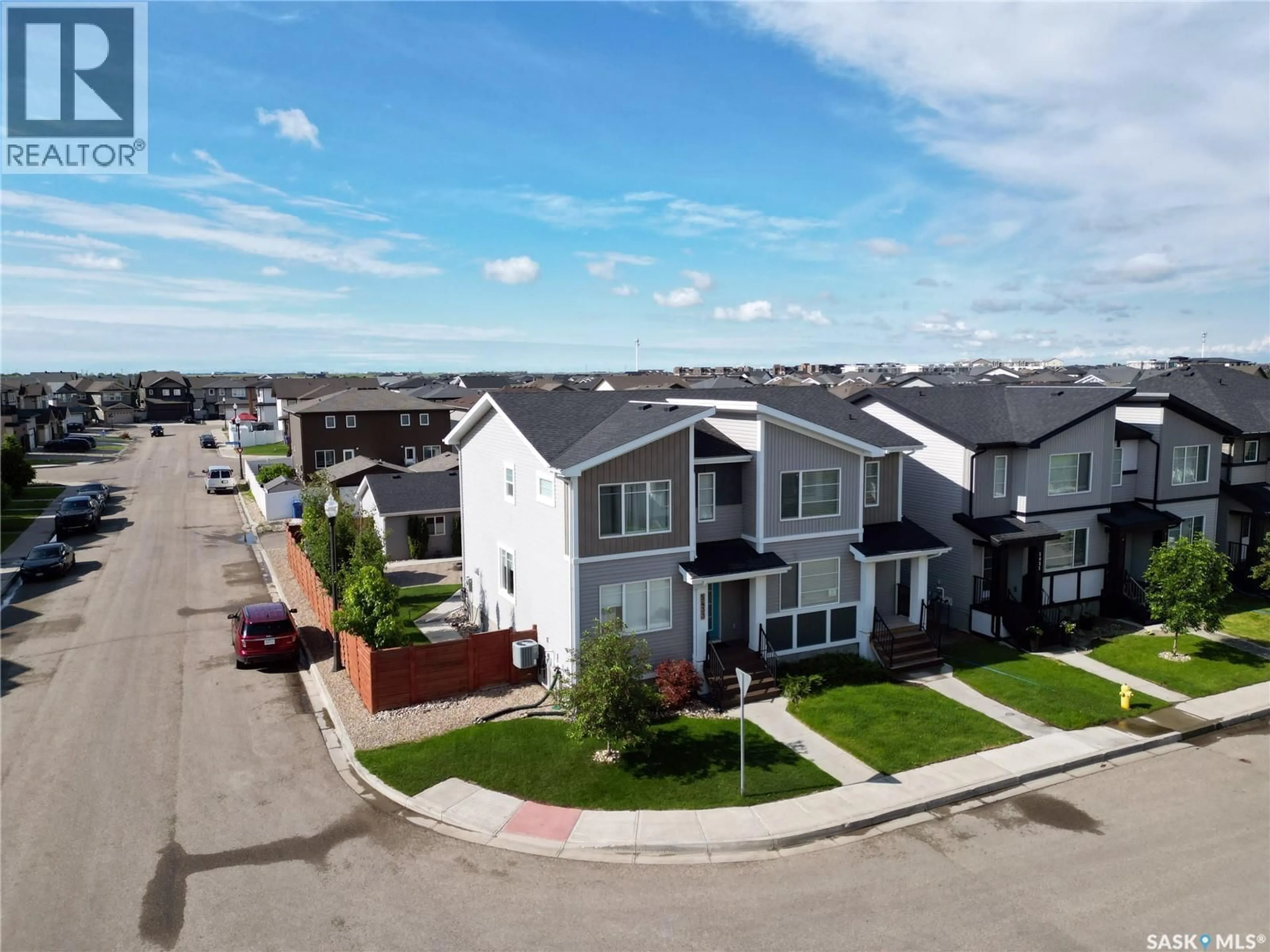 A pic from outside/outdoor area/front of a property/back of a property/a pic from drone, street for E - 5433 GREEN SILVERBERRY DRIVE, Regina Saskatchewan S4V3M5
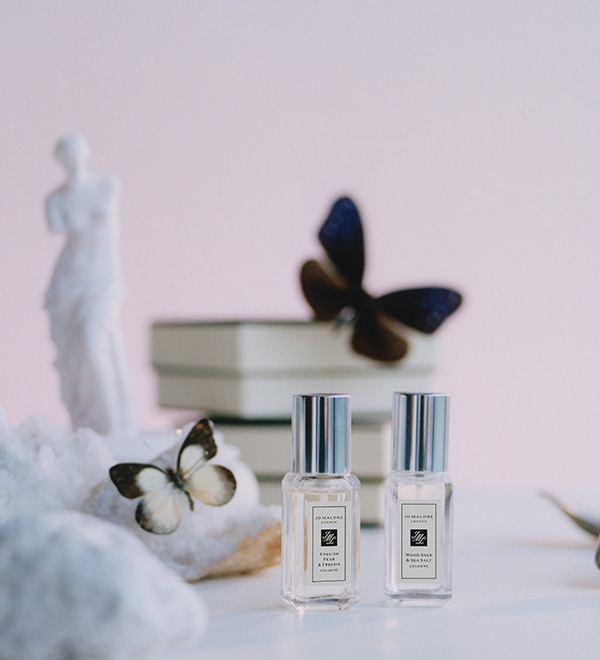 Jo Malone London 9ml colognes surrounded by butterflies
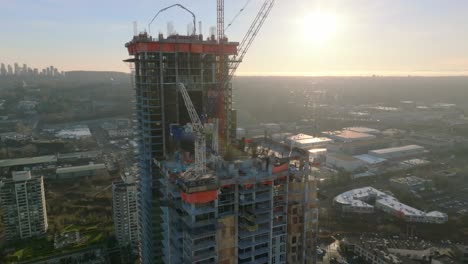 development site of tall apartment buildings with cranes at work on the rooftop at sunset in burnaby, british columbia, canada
-=-=-
Exercise details =>
Omit the pictures and write out exactly the lines from the one containing "Jo Malone London" through the last line of the material.

Response area =>
 Jo Malone London 9ml colognes surrounded by butterflies
 development site of tall apartment buildings with cranes at work on the rooftop at sunset in burnaby, british columbia, canada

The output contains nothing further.